Thursday, February 16, 2012

Meet Xico, the Aztec cleric

I have a cleric that I will play as an NPC in some of the games my kids run through to help fill out a group since there are only my two kids and that's not enough PC's to make a decent game of it.

Xico (pronounced Chico) is short for "Xichotencotl", but most people just can't get it right.  He is a different kind of cleric.  He will only offer to heal other characters who he believes have gotten their wounds "honorably".

He is a pro with a mace or maul.  There are no problems he has with collecting souls for his deity, Quetzalcoatl, in "honorable" combat.

If he finds someone or something to be entirely devoid of honor, he will seriously consider offering that person or creature up as a sacrificial victim, "old style", to his deity.

Xico is a lot of fun to play because he is very set in the way he sees many things.  He is very much a "black and white" kind of cleric in terms of what he interprets his deity demands and intentions as.

Here's a bit of his recent past...

The young warrior priest watched the thief from a distance.  the thin, lanky man was deft in his movements and the old vendor, being distracted by a quarrelsome customer didn't even register the thief had snagged several hundred of gold coins worth of jewelry... but Xico did.
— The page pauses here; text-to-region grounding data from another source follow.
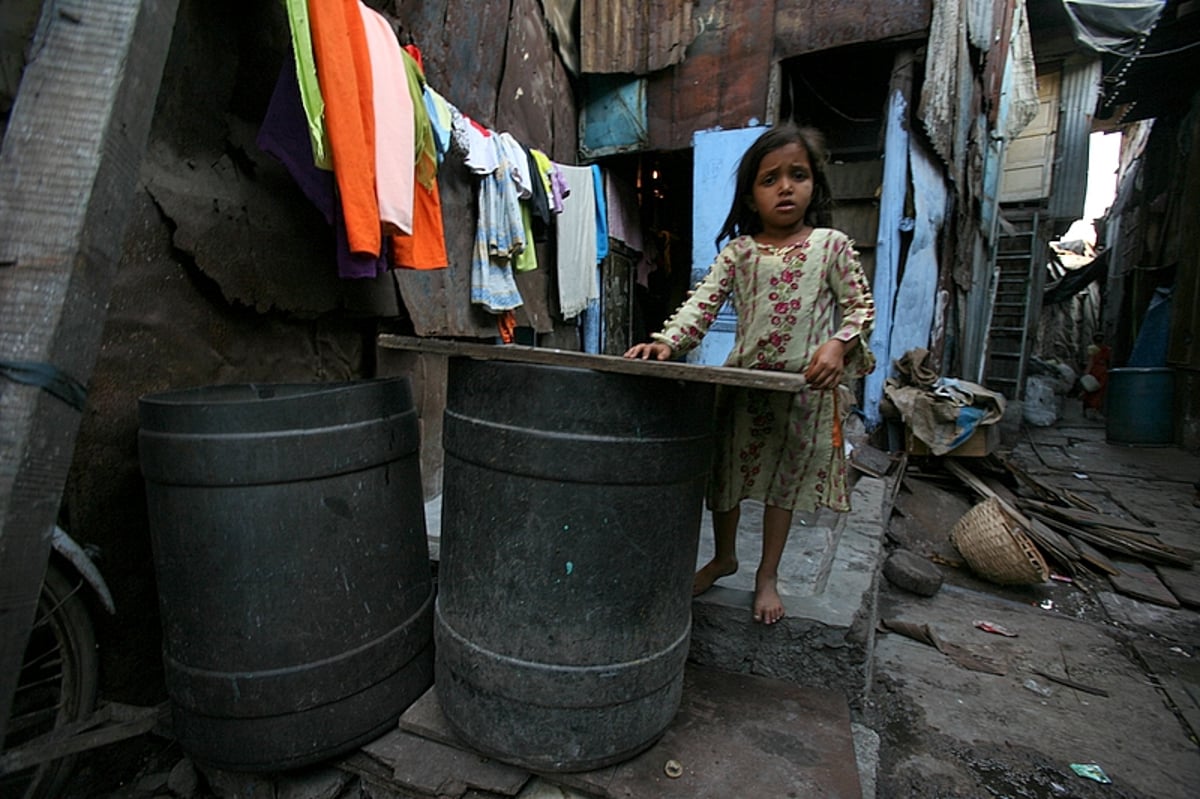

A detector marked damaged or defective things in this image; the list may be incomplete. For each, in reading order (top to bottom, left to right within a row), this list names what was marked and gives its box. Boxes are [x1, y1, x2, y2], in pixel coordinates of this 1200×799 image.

rusty metal sheet [580, 0, 692, 75]
rusty metal sheet [772, 0, 932, 58]
rusty metal sheet [652, 0, 772, 152]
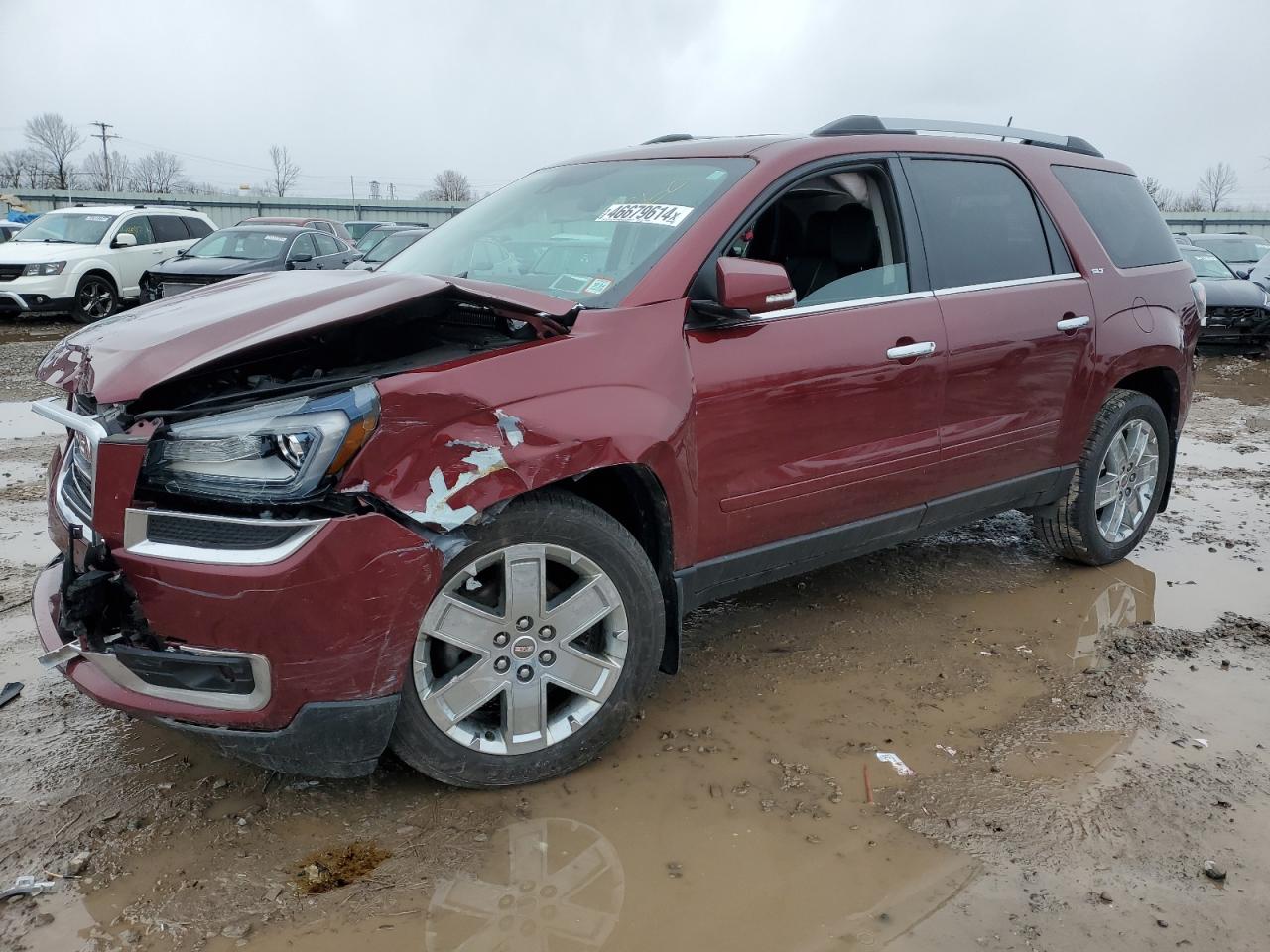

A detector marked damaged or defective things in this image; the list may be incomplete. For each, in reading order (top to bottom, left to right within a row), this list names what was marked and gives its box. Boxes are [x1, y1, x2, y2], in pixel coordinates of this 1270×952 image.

broken headlight [141, 383, 377, 502]
crumpled hood [38, 268, 575, 401]
damaged red suv [30, 119, 1199, 789]
cracked bumper [36, 502, 441, 770]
This was a man of no honor at all.  He stole from others with no thought or  concern of how that would leave his victims.  Whether they might have plenty besides or if that was all they had to trade in and would starve or be homeless without them.

Xico walked directly in the direction of the thief, making no effort to hide the fact that a highly decorated and well known warrior-priest of the great god Queztalcoatl was drawing the crowds attention as he strode with great purpose toward the skinny thief who was also aware of the priest's approach but had nowhere to go with the crowd closing in around them.
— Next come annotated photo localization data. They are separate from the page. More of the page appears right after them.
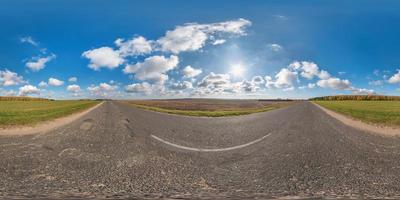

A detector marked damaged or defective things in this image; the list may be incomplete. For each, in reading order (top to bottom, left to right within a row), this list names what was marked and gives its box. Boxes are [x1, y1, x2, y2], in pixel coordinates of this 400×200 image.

cracked asphalt road [0, 101, 400, 199]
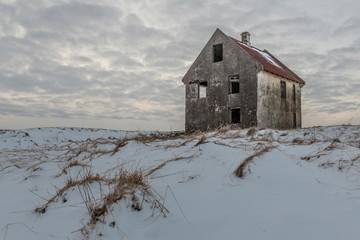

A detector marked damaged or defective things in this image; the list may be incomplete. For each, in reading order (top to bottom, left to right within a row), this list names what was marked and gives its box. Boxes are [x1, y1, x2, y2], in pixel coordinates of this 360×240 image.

rusty roof [231, 36, 304, 85]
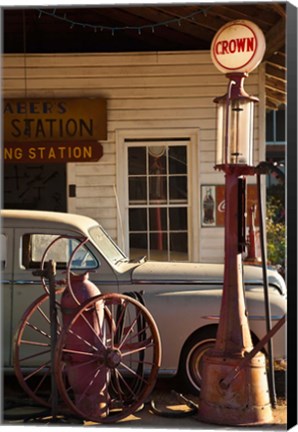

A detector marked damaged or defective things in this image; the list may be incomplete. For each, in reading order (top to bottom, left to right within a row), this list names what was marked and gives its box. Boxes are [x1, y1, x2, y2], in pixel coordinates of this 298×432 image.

rusty wagon wheel [13, 290, 64, 408]
rusty wagon wheel [53, 292, 161, 424]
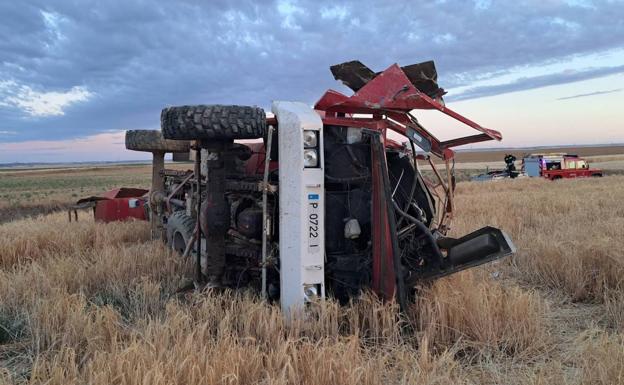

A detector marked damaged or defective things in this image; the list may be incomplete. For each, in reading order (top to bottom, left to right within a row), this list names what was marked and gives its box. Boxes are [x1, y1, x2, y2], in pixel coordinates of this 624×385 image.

overturned fire truck [124, 59, 516, 312]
Xico began to silently chant as he came near the thief and within moments, the thin man realized he simply could not move anymore, no matter how much he wanted to run quick as he could from the fast approaching priest.
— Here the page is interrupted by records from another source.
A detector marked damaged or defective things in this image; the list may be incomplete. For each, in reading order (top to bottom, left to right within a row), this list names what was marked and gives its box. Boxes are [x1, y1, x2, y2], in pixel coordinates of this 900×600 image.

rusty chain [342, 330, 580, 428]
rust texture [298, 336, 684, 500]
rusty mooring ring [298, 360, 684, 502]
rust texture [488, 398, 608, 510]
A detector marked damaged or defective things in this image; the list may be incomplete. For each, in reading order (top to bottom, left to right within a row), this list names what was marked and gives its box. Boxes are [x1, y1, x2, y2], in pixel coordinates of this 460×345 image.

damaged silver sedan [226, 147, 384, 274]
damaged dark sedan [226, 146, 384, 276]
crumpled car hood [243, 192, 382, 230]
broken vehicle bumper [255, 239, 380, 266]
Xico said in a loud voice for everyone nearby to hear clearly, "You are a dishonor to this world and you will not shame those who you live among and prey upon any longer."  With those words, his right hand rose up with a mean looking mace and bashed the thief in the side of his head.

The man fell to the ground, still immobile, and as Xico knelt beside him he brought out the long ceremonial dagger from his belt and before the pitiful thief could die, had stabbed in to his chest and quickly cut out and pulled forth his heart.

As the thief lay dead in the street, Xico chanted loudly in a strong voice a series of words that culminated in the fiery disappearance of the heart that had been thrust high into the air in his hand.

The crowd gasped silently but none would dare challenge a true warrior-priest of Quetzalcoatl and the crowd dispersed as quickly and quietly as they had formed,  leaving only the body of a dead thief and Xico walking away from the body, pausing only long enough to return the jewelry to the vendor and go on his way again in search of battle and honor for his god.

In his homeland, he and his brothers are the law of the land and none will dare contest their dominance.  On the road while on a quest or in pursuit of someone or something that must be returned, the great warrior-priests are only slightly less obvious in their actions and how they deal with others.

Many a Marshall or lawman of another land has tried to subdue or imprison these powerful priests but few ever succeed or manage to hold them for long as their god Quetzalcoatl is known to shower his most faithful and ambitious priests with favors.  Very few are more faithful or as ambitious in carrying out the ways of the god as Xico.